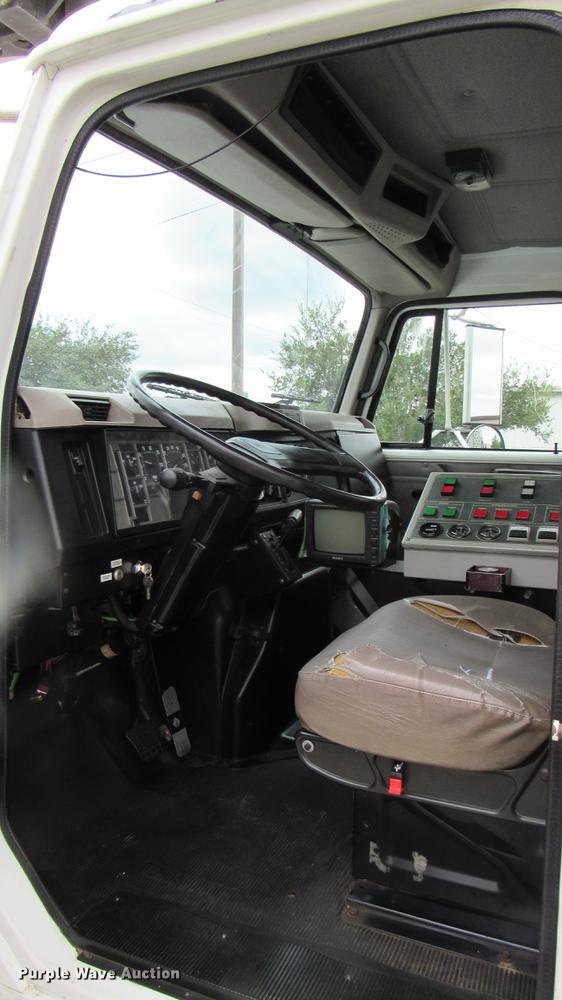 image for item DC2241 2001 International 4900 X-ray inspection truck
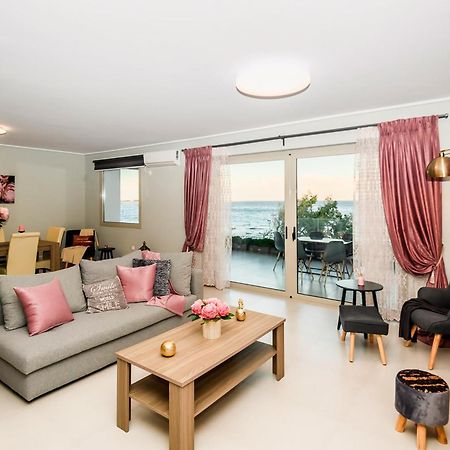 Beachfront Artemida Retreat - Peony Seabreeze Gem Eksteriør bilde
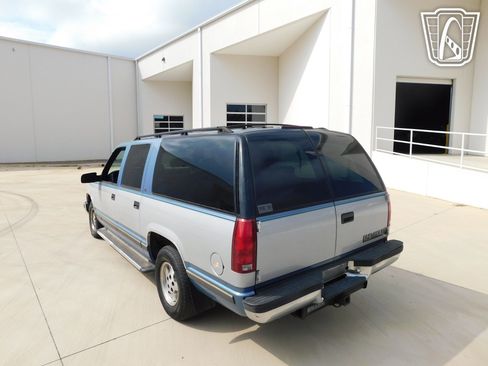 Used 1995 Chevrolet Suburban image 20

************

Task goal — The aim is an exact repeat of the entire listing, stripped of pictures.

Solution —
 image for item DC2241 2001 International 4900 X-ray inspection truck
 Beachfront Artemida Retreat - Peony Seabreeze Gem Eksteriør bilde
 Used 1995 Chevrolet Suburban image 20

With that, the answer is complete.